Home is whenever I’m with you

There’s a wall in my house near the frame of a kitchen door, where I’ve been making notches to mark the growth of my children ever since my youngest, Fletch, was 2 and a half years old.

He’s 8 now.

Last week, we met with his father and our realtor to do a walk-through of our marital home to get it market ready. Fletch and I arrived a bit early.

“Ah, the house where I was raised,” he recalled.

It made me laugh, because he said it in a way that expressed a lifetime of memories. But, when you’re only 8, I guess it would be.

As we walked through the back door, which leads to the kitchen, I was reminded of a very different time of seeing my daughter’s annoyed teenage face (she moved to California for college two years ago) and practicing with my son on the piano my Aunt Melonie and Uncle Paul (now deceased) gave to me. Homework. Dinner. Lazy Sunday mornings. Failed attempts at gardening and raising chickens. An open door policy with friends and neighbors.

As we walked in, I knew it would happen – Fletch would start asking me if we could move back. And he did, but just once. He ran through the house – room to room – as children do with excitement upon seeing their new family home for the very first time. Except, Fletcher’s excitement was purely based on what he remembered.

I know that feeling, too.

When we bought that house, I remembered thinking, “I finally have a home big enough to host family gatherings,” yet that was rare. As we walked through,, I remembered sitting on the porch swing with my then husband, and as we revelled in our new purchase, he said to me, “we finally made it.” As I peeked through the blinds, I remembered that day. I also remembered sitting on that porch swing with him as we worked through the details of our divorce. In retrospect, it was necessary and I don’t regret it.
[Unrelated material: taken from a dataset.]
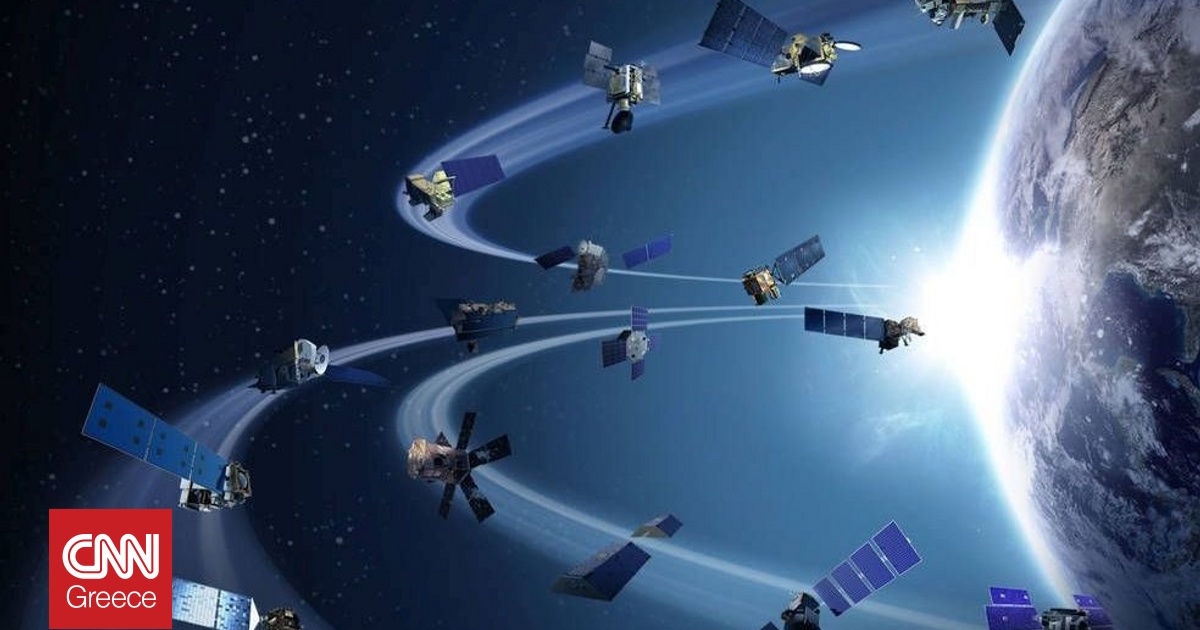 &laquo;&Mu;&pi;&omicron;&tau;&iota;&lambda;&iota;ά&rho;&iota;&sigma;&mu;&alpha;&raquo; &gamma;ύ&rho;&omega; &alpha;&pi;ό &tau;&eta; &Gamma;&eta;: &Eta; &Kappa;ί&nu;&alpha; &kappa;&alpha;&tau;έ&theta;&epsilon;&sigma;&epsilon; &sigma;&chi;έ&delta;&iota;&alpha; &gamma;&iota;&alpha; &tau;&eta;&nu; &epsilon;&kappa;&tau;ό&xi;&epsilon;&upsilon;&sigma;&eta; &pi;ά&nu;&omega; &alpha;&pi;ό 200.000 &delta;&omicron;&rho;&upsilon;&phi;ό&rho;&omega;&nu;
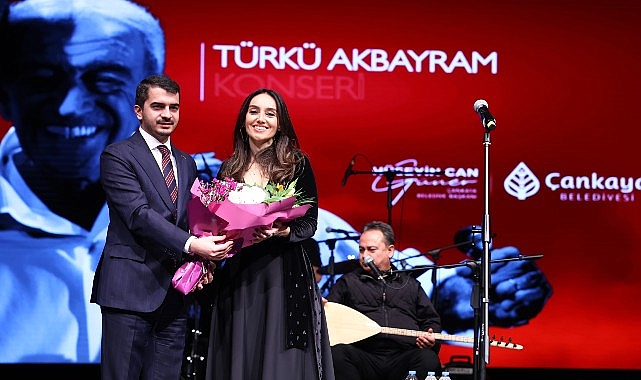 Bir Mirasın Sesi: Türkü Akbayram Anısına Atölye ve Sergiyle Geri Gelen Anlam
But, divorce was never my intent.

That was the house I wanted to raise my family in. The notches on the wall indicate that. Permanency. I remember daydreaming of holding a granddaughter around the belly, and as I point up, we marvel at how tall her mother – my daughter – once was at her age.

As I traced my fingers down that column of notches next to the door jam, remembering how tall my daughter was/is, I was saddened by the thought of how seldom I see her. We don’t talk nearly enough, and I miss her every day.

For nearly a decade, it was just the two of us. Then I met him and it was three. Then Fletch arrived and it was four.

Now, I see my daughter once a year when I visit “the best coast” and I pretty much only see my son on the weekends, because, for our arrangement, I chose to spend my waking – not working – hours with him.

There was nothing more in life I wanted more than to be a wife and mother. And, somehow, staring at those notches on the wall turned from mementos of growth to reminders of how I sabotaged all that.

I teared up a bit thinking about it and how I’ve moved five times in two years. I’m a terrible mother, I thought. That’s when he looked at me and said, “It’s okay.”

“I’m sorry,” I responded simply. “You deserve better. You deserve a home.”

“So do you. But, I’m home whenever we are together,” he said.